I believe I picked this one up from Franzis directly -- it was in November 22 anyway.
projects-software[.]com/Giveaway-Deal
For those wondering, here are the RAW formats supported out of the box:
transfer.franzis[.]de/support/70800-7_HDR-projects-7_camera-raw-formats_en.pdf
Turns out my post yesterday on HDR was timely -- obviously I won't bother you by going into the basics of what HDR photos are. HDR projects 7 is Franzis' take on working with or creating them, and the best thing I can say about the app [just IMHO] is that [Thankfully] it takes a few baby steps back from its history of defining HDR as garish & FX-laden. Otherwise the program's design seems *to me* inspired by Rube Goldberg [ nrm[.]org/2018/11/the-art-and-wit-of-rube-goldberg/ ], because in trying to save you from actually having to edit a photo, it gets [needlessly] terribly complicated -- far more complicated than just editing the photo in the first place. [I can't help but think of how for years manufacturers of home appliances made them needlessly complicated, because the satisfaction that came from mastering the controls led to increased sales.]
Since HDR photos use [merge] 2 or more shots, they do have to be lined up if there was any movement between shots. And in if there was any movement, the software tries to fix any object edges that don't align perfectly [ghosting]. HDR projects 7 handles that well enough, giving you more control than most other HDR capable apps. Most of the other controls &/or features however, serve to brighten/darken &/or emphasize different parts of the photo, where you make settings to fine tune automatic processes, but unfortunately learning and using them is [IMHO Much] harder than doing the same things in a decent image editing app. And that's where another shortcoming becomes apparent -- if you want to save your merged HDR photo you can only save the project, not the photo itself, which can only be exported as a regular, non-HDR image. So you have to use the overly complicated tools in HDR projects 7, though in fairness they do include some of the other tools you'd likely use in image editing software -- they kinda have to since it prevents you from using that software.
At a bit over 400MB HDR projects 7 is large for a Franzis app -- I stuck it on one of my conventional hard disks that I use for storage, keeping it solely because I experiment from time to time using FX not as they were intended.

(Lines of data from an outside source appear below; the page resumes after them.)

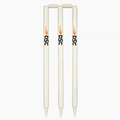 DSC Bleached & Polished Cricket Stump Set – Full Size Match Stumps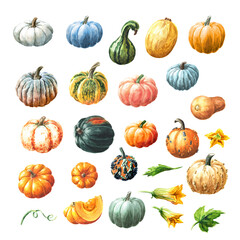 Big pumpkins or squash with leaves and flowers set. Watercolor hand drawn illustration, isolated  on white background - obrazy, fototapety, plakaty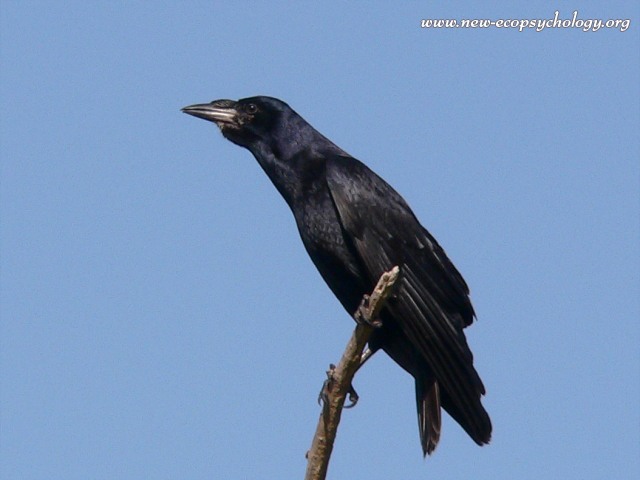 Korppi (Corvus corax)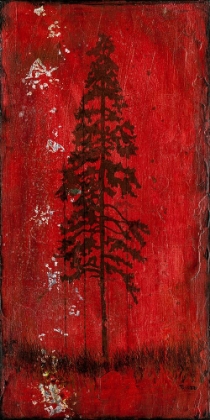 Picture of LODGE POLE PINE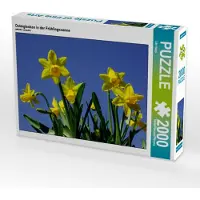 CALVENDO Osterglocken in der Frühlingssonne 2000 Teile Puzzle quer 900x670mm, Kapp Lilo; 7394349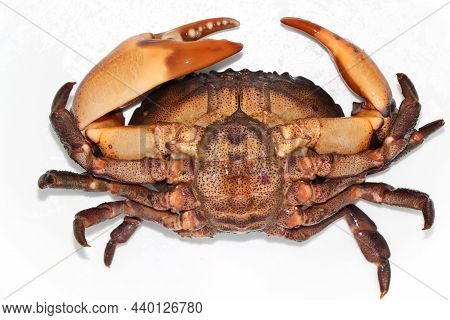 Hairy Rock Crab, Fresh Food From The Sea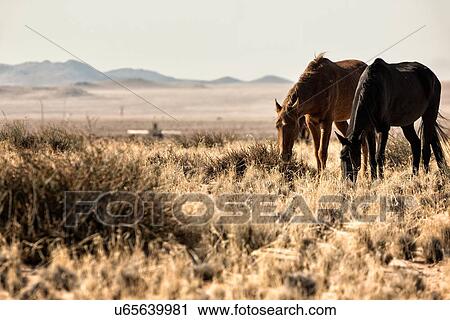 Two wild horses grazing on dry grasses in Namib desert, with mountains beyond, Namibia, South West Africa View Large Photo Image Stock Image - Two wild horses grazing on dry grasses in Namib desert, with mountains beyond, Namibia, South West Africa. Fotosearch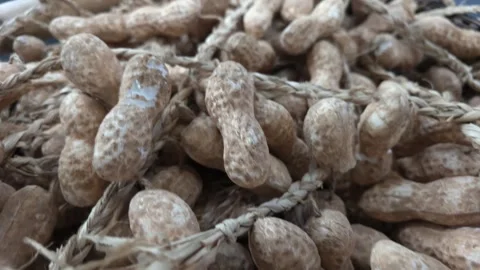 Macro Close-Up of Whole Unshelled Peanuts Strung on Braided Natural Fiber Twine Stock Footage 341340521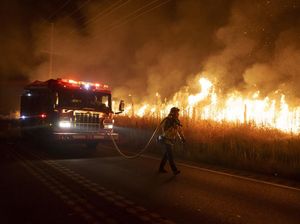 Kebakaran Hutan di Pulau Rhodes, Ribuan Orang Dievakuasi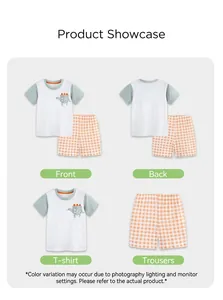 Detail views of boys dinosaur t-shirt and orange checkered shorts summer outfit set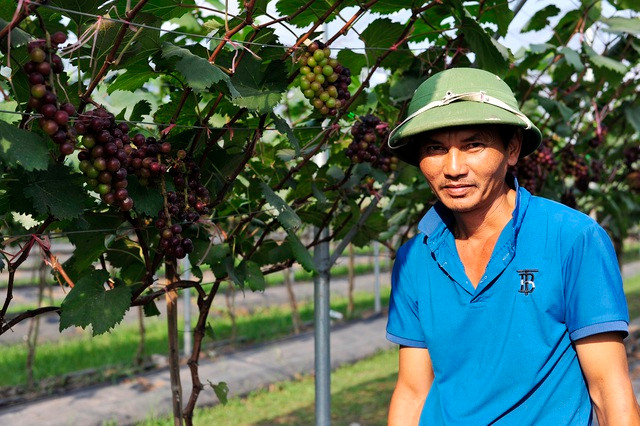 Choang ngop vuon nho Ha den sai triu qua-Hinh-8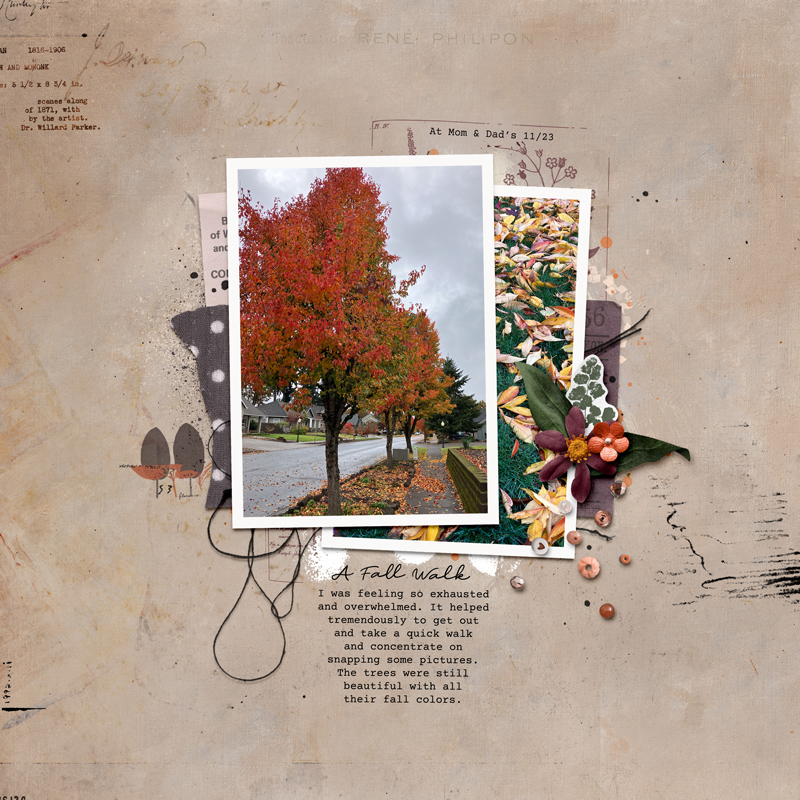 Fall Walk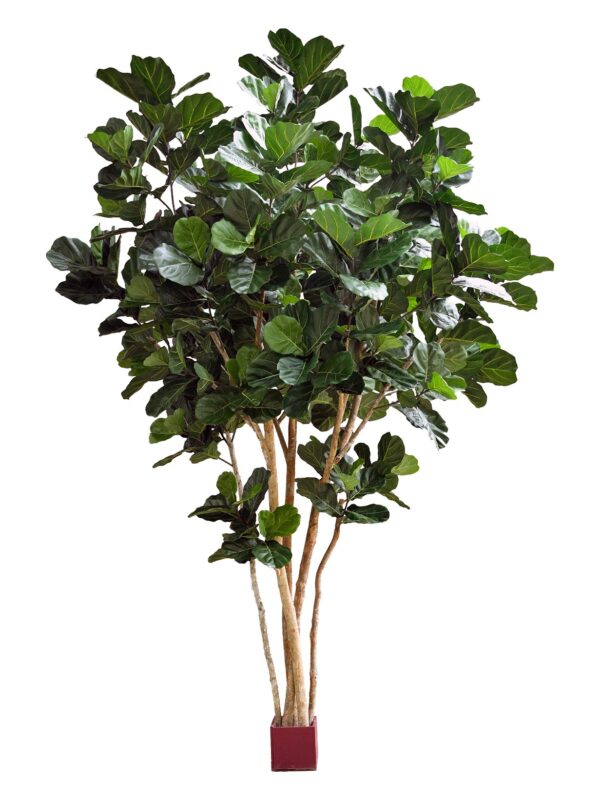 FIDDLE FOGLIA GIANT NITID - 420CM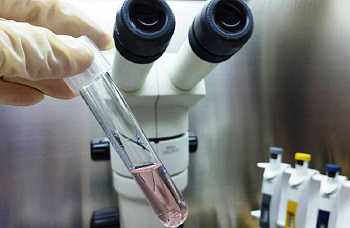 河北助孕官网服务优势与机构详情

In addition to the program's folder, HDR projects 7 adds files/folders to Users\ [UserName]\ AppData\ Local\. The setup.exe file comes without a wrapper this time, comes with 32_bit & 64-bit versions, does not include plugins, but does include 2008 & 2010 C/C++ runtimes from Microsoft -- I normally install in a VM, then copy the program's folder to my regular copy of Windows to avoid the accumulated bloat from having umpteen copies of the same runtimes installed [FWIW, check the size of the Windows\ WinSxS\ folder where they're stored].